We set a rule for the day of the wedding: no talking about Donald Trump. At the time, we thought that he’d hang over everything like a cloud, ruining our day. But in truth, it all seemed a thousand miles away. The thing with the wars of my childhood is that they passed. Progress doesn’t always move at a steady pace, but it always moves forward. In twenty years, I don’t think Elzie and I will remember the shadow the Trump presidency threw over our wedding. We might not even remember Trump, himself.
Today, young bisexuals have more options and more clarity than I did.
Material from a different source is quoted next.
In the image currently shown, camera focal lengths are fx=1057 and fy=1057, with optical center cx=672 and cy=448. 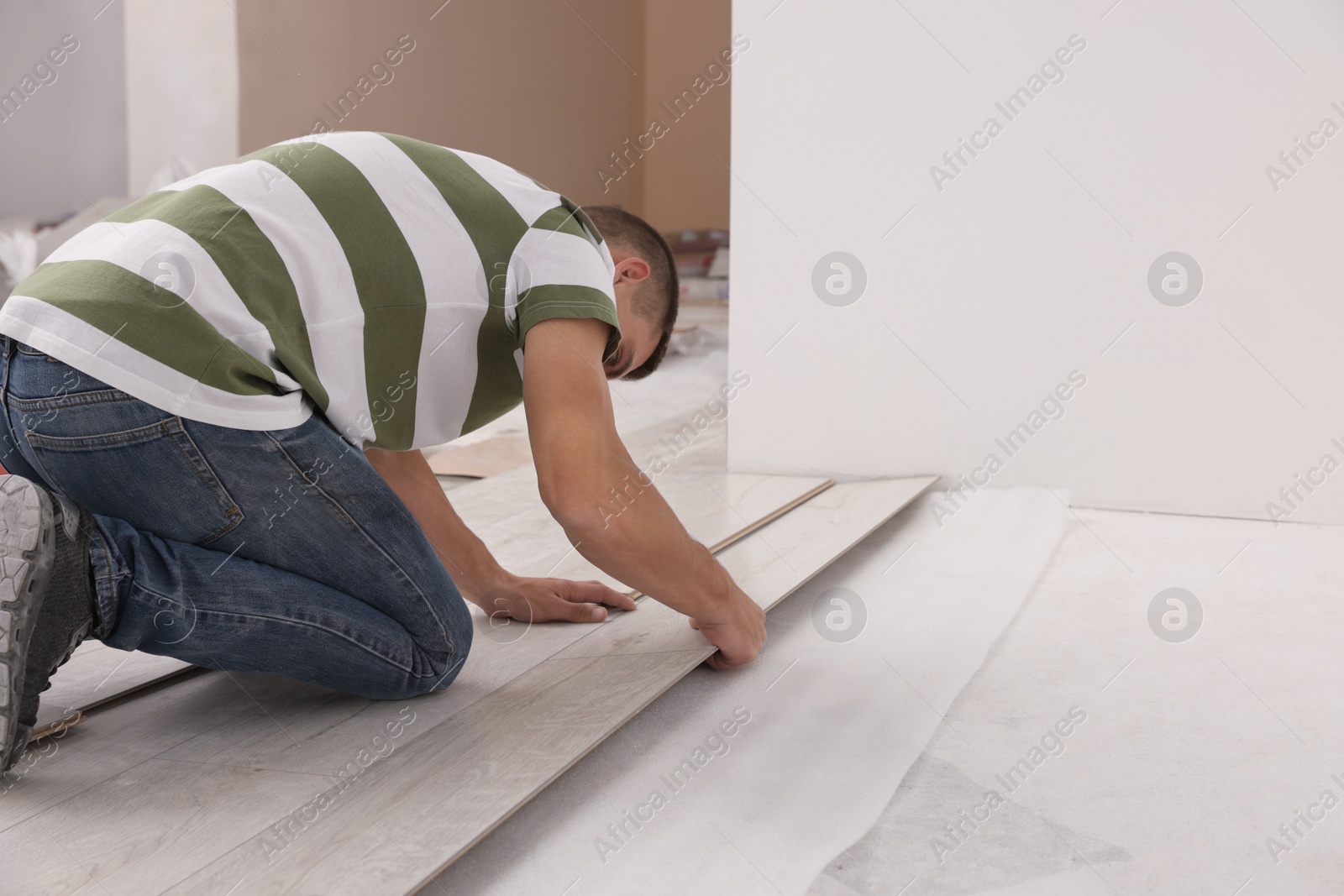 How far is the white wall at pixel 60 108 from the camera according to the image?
3494 millimetres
It gives me hope and joy to think that another eccentric teenage girl might not feel trapped between two binary options, neither of which make sense to her. And on my end, I write bisexual characters and bisexual experiences into my work to capture that moment of time I existed in, when neither of those two limited labels fit and it felt like the world was against me.
I moved to the States, permanently, this week. I’ll write more about my experiences with immigration later — it’s a doozy of a story with a million maddening, heartwarming, and hilarious little details. For the moment, I’m settling into a happy domestic life with my wife of one year. We’ll still be here when Trump is gone, and no matter what comes after him, we’ll face it together. That’s the thing about fighting a battle you’ve already won once, after all. Your adversity-tackling muscles are damn well-honed.